Aim of the task
The reply should contain only the lines from the start of the records through the line with "Hi all, welcome", reproduced verbatim and without pictures.
━━━━━ Material shown ━━━━━
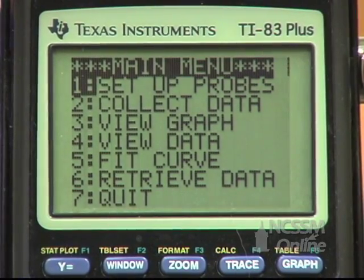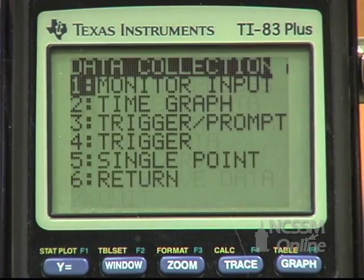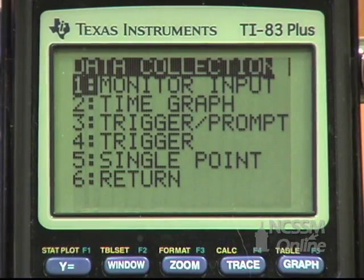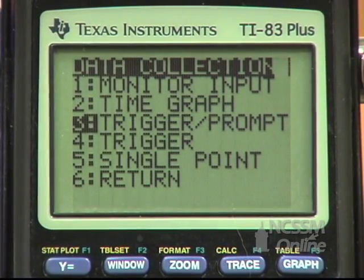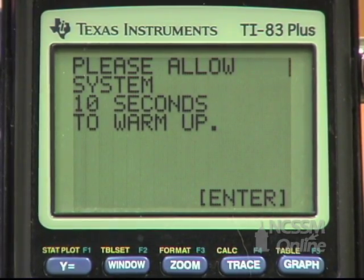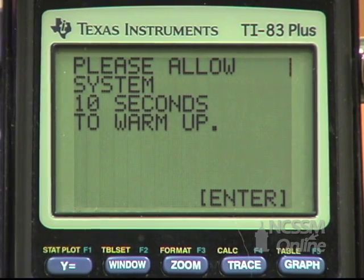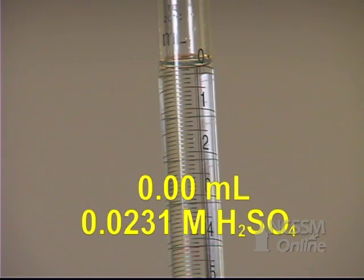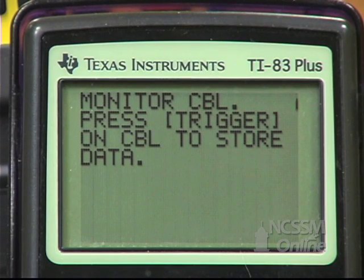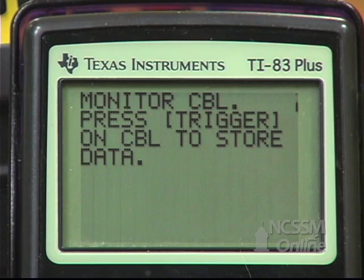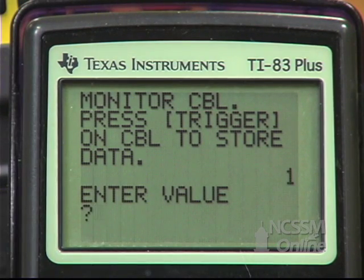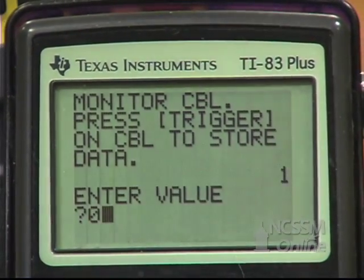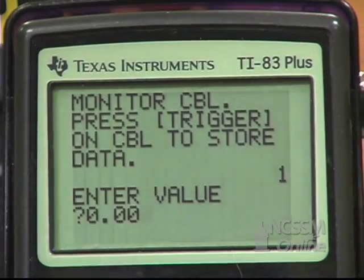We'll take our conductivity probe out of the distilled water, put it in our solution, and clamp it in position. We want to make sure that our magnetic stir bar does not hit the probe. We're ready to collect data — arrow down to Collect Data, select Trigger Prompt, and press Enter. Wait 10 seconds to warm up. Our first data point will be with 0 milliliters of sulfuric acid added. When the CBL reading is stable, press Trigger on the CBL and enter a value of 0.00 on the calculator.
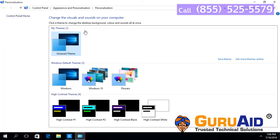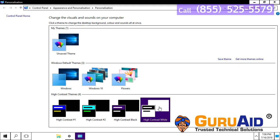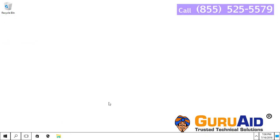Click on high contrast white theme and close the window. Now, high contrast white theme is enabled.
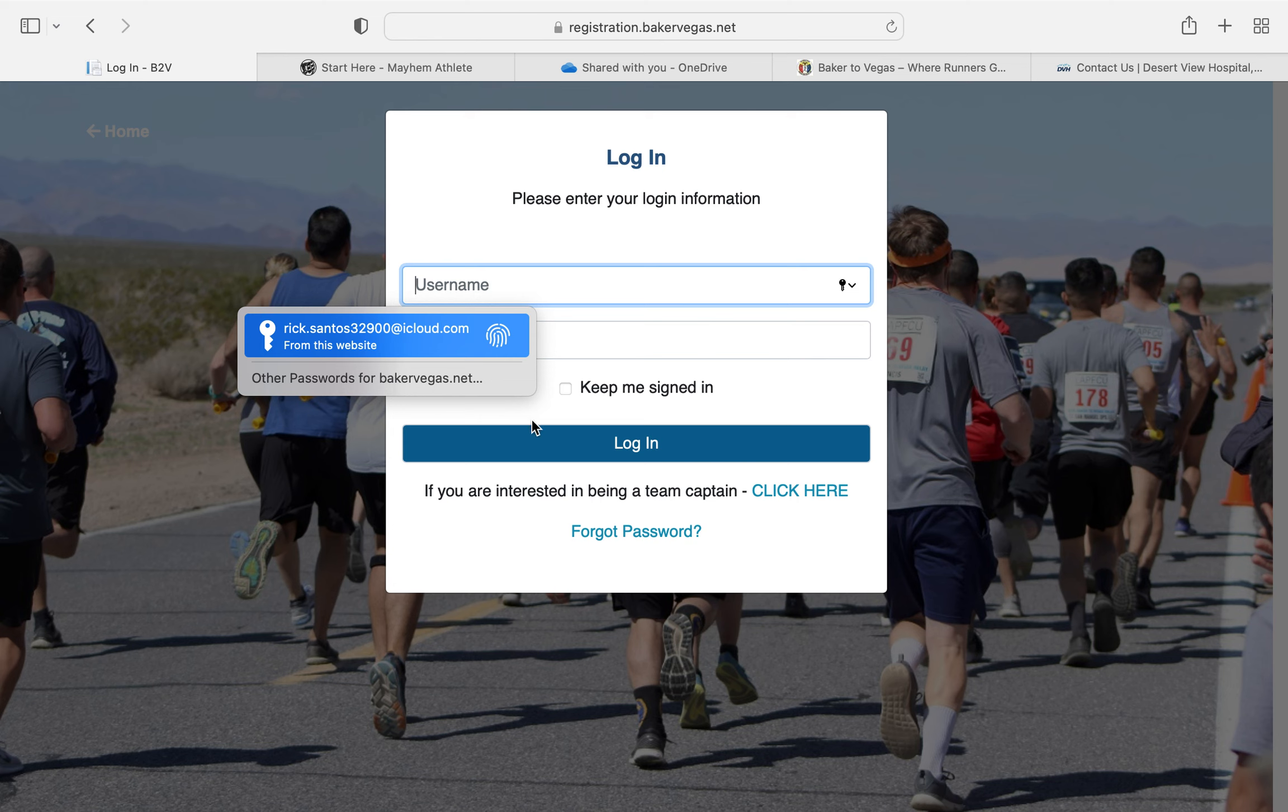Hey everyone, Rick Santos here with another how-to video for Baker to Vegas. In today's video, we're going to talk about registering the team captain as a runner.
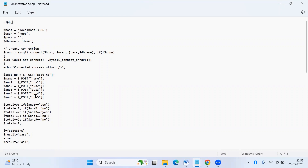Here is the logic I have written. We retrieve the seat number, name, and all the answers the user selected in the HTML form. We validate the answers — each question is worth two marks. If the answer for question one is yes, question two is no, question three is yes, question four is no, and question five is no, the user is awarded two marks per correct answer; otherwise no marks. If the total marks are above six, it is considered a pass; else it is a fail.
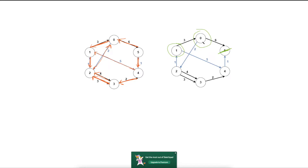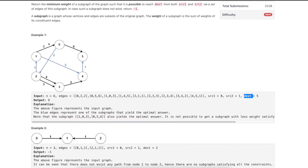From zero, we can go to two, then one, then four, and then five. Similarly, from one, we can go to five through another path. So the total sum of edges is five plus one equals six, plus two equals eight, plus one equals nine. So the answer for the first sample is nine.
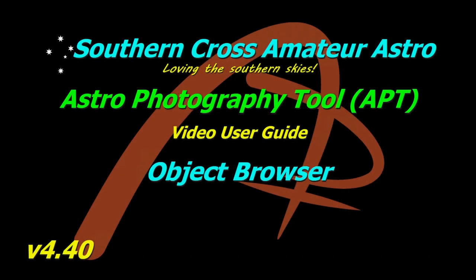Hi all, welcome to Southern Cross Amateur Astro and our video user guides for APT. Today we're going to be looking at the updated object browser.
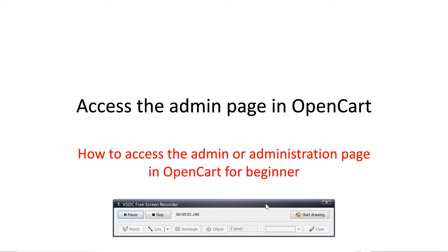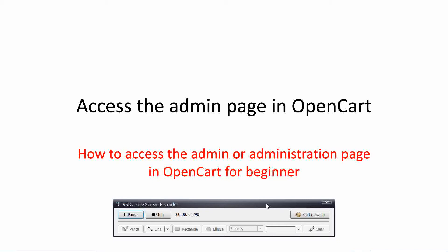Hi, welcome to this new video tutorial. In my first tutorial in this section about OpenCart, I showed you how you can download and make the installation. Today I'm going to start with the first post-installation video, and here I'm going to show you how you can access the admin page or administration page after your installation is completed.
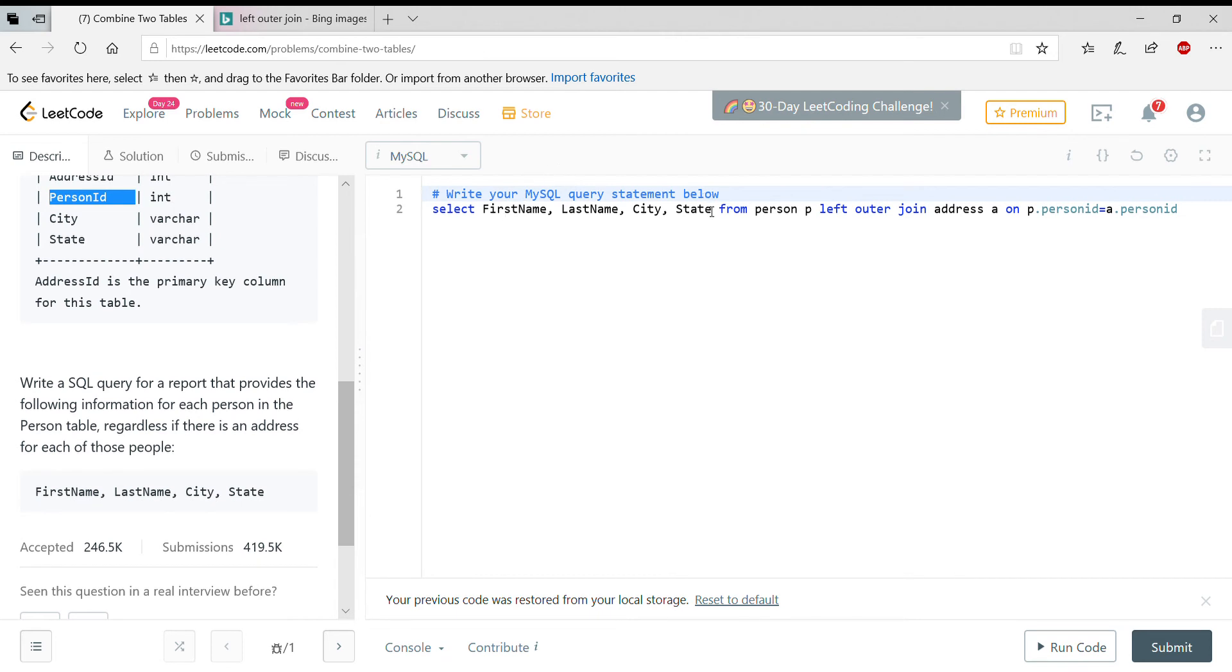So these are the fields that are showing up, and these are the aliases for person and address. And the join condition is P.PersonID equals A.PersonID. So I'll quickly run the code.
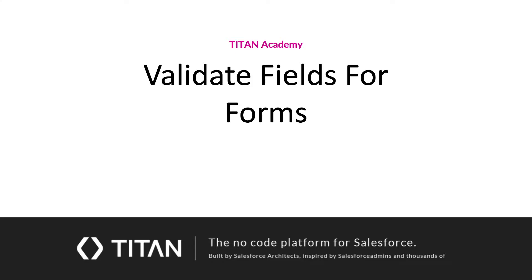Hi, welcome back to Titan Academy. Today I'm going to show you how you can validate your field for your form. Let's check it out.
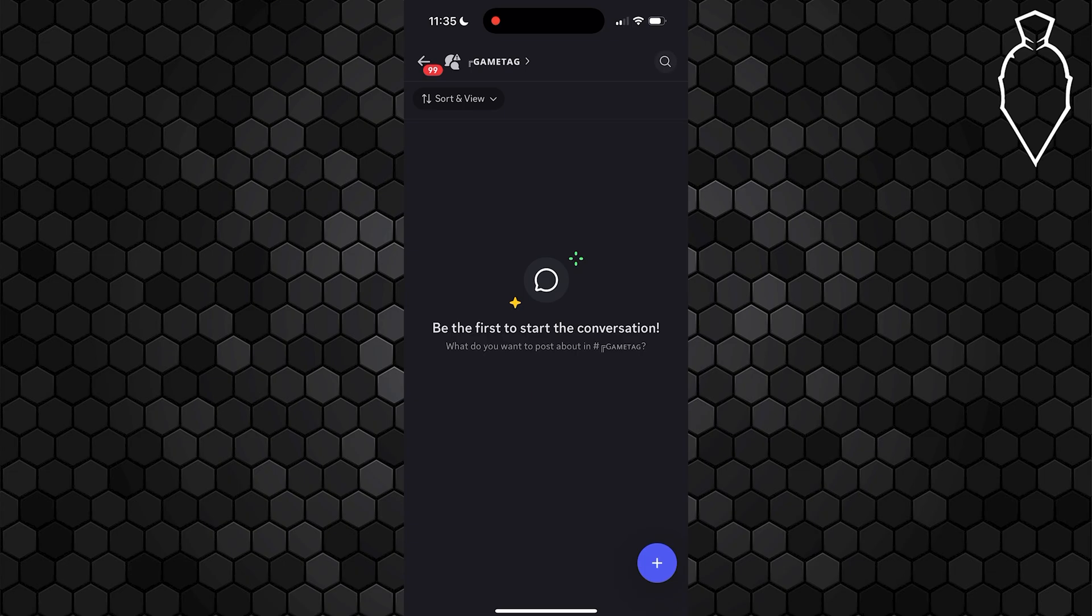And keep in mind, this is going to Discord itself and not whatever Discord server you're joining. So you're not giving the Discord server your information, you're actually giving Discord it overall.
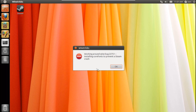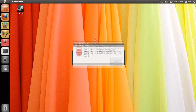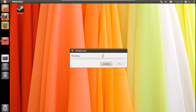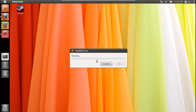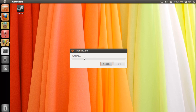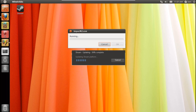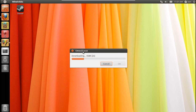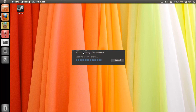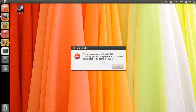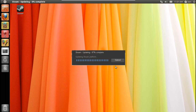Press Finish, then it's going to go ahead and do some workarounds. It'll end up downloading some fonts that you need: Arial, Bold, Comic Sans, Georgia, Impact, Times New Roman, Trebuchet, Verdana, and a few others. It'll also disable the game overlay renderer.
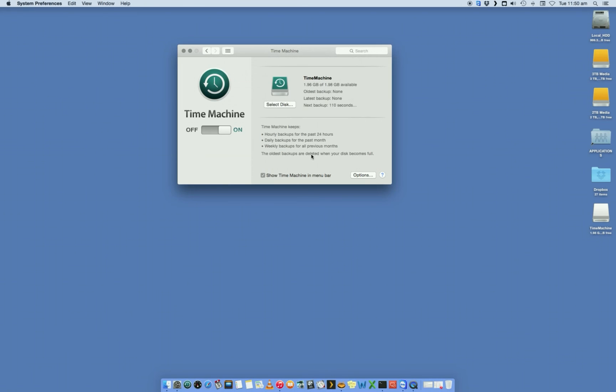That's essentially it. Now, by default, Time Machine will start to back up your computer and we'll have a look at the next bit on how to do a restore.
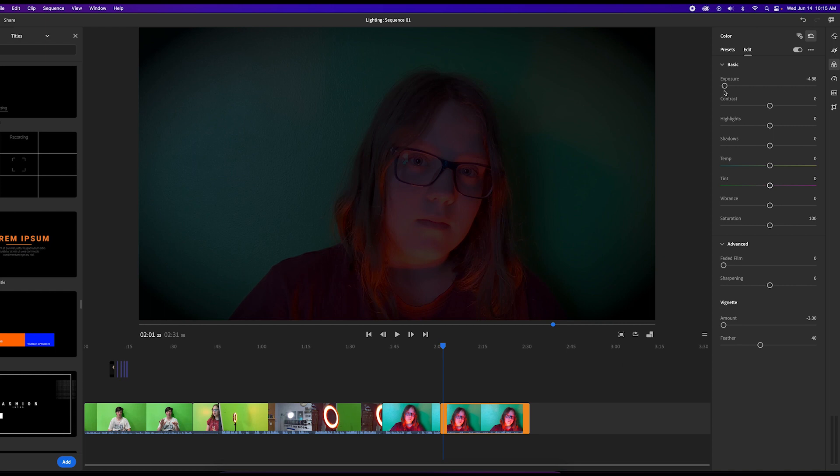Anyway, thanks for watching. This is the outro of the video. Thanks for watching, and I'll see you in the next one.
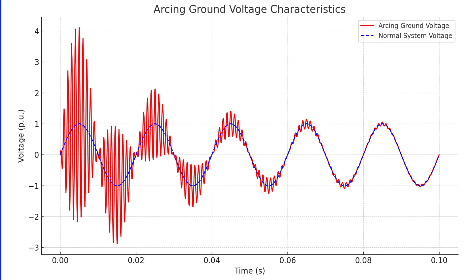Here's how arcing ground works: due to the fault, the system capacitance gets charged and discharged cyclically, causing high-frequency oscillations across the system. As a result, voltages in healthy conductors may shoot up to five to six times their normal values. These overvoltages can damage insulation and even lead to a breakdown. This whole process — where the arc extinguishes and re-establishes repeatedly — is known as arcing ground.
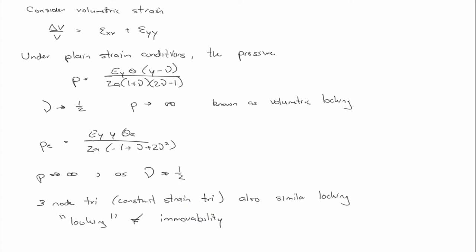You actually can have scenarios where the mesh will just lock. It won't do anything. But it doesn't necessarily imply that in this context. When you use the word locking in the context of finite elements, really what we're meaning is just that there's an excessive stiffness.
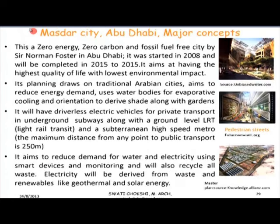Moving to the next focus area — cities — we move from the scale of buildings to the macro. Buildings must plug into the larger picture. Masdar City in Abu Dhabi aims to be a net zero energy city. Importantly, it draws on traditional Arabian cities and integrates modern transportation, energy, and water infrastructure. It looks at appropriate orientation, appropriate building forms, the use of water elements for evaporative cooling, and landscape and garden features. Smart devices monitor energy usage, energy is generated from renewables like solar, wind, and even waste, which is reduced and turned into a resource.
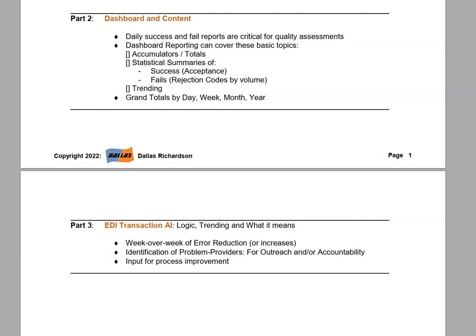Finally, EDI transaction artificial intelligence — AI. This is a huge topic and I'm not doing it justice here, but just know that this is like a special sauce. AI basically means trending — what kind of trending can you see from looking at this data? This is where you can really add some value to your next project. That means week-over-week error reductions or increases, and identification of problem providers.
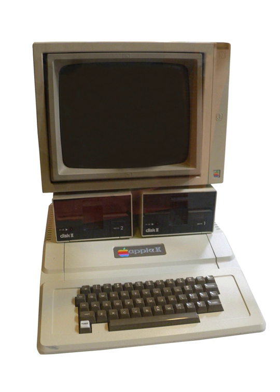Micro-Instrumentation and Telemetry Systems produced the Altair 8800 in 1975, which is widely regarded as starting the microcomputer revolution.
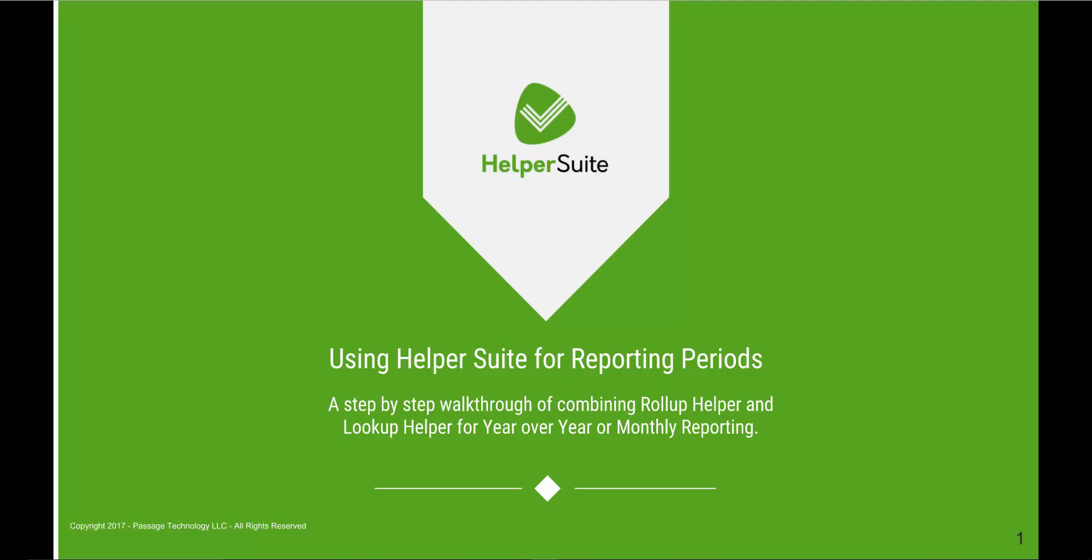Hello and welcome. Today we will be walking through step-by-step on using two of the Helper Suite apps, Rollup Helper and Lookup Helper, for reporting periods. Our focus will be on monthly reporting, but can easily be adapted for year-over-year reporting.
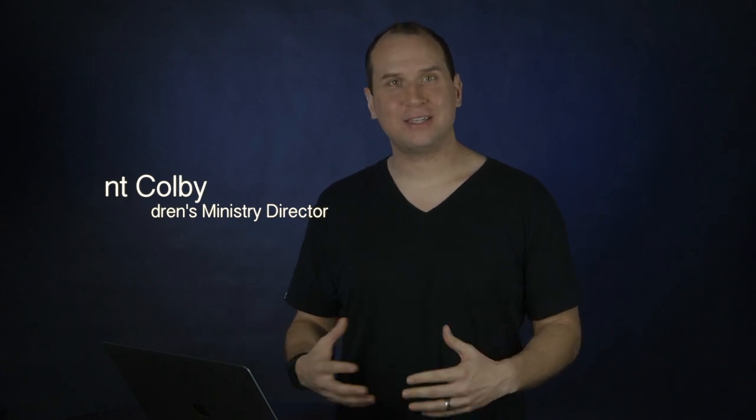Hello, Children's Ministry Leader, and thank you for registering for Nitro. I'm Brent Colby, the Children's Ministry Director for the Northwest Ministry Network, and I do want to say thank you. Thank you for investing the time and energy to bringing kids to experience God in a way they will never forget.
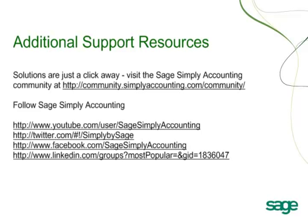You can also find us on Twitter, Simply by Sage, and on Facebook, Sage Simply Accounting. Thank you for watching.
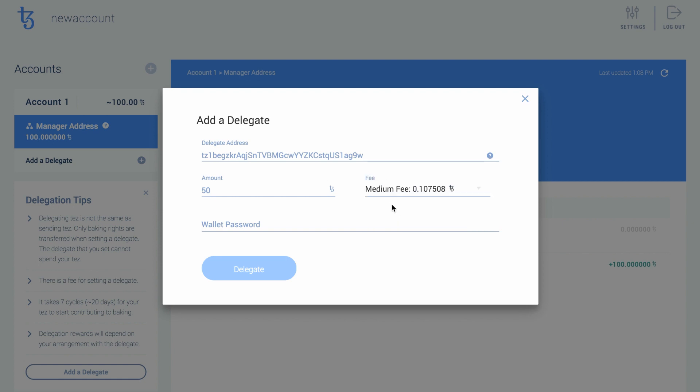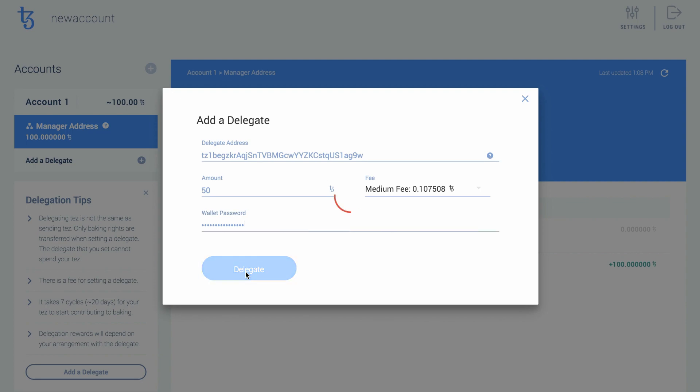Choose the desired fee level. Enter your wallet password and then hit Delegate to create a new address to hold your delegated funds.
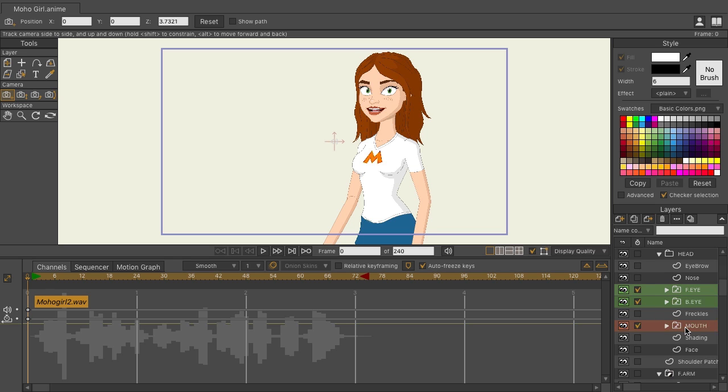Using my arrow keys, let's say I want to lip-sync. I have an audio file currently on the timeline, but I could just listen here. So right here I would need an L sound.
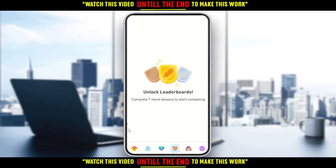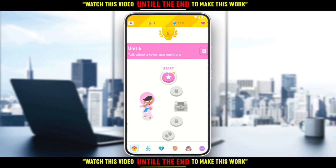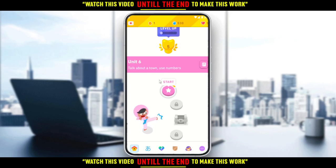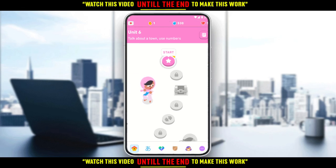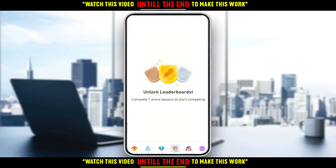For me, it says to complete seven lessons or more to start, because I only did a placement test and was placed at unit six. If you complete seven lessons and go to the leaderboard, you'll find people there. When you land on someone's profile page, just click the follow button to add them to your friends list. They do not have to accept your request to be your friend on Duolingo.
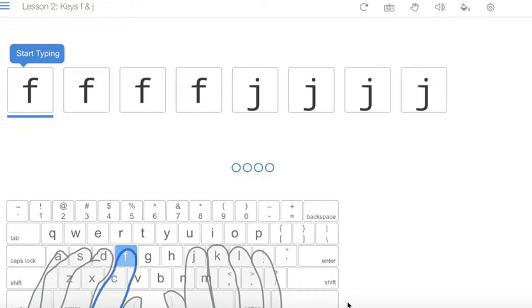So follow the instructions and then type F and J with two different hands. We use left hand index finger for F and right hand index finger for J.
━━━━━
The completed task
We'll take our conductivity probe out of the distilled water, put it in our solution, and clamp it in position. We want to make sure that our magnetic stir bar does not hit the probe. We're ready to collect data — arrow down to Collect Data, select Trigger Prompt, and press Enter. Wait 10 seconds to warm up. Our first data point will be with 0 milliliters of sulfuric acid added. When the CBL reading is stable, press Trigger on the CBL and enter a value of 0.00 on the calculator.
Click on high contrast white theme and close the window. Now, high contrast white theme is enabled.
Hey everyone, Rick Santos here with another how-to video for Baker to Vegas. In today's video, we're going to talk about registering the team captain as a runner.
Here is the logic I have written. We retrieve the seat number, name, and all the answers the user selected in the HTML form. We validate the answers — each question is worth two marks. If the answer for question one is yes, question two is no, question three is yes, question four is no, and question five is no, the user is awarded two marks per correct answer; otherwise no marks. If the total marks are above six, it is considered a pass; else it is a fail.
From zero, we can go to two, then one, then four, and then five. Similarly, from one, we can go to five through another path. So the total sum of edges is five plus one equals six, plus two equals eight, plus one equals nine. So the answer for the first sample is nine.
Hi all, welcome to Southern Cross Amateur Astro and our video user guides for APT. Today we're going to be looking at the updated object browser.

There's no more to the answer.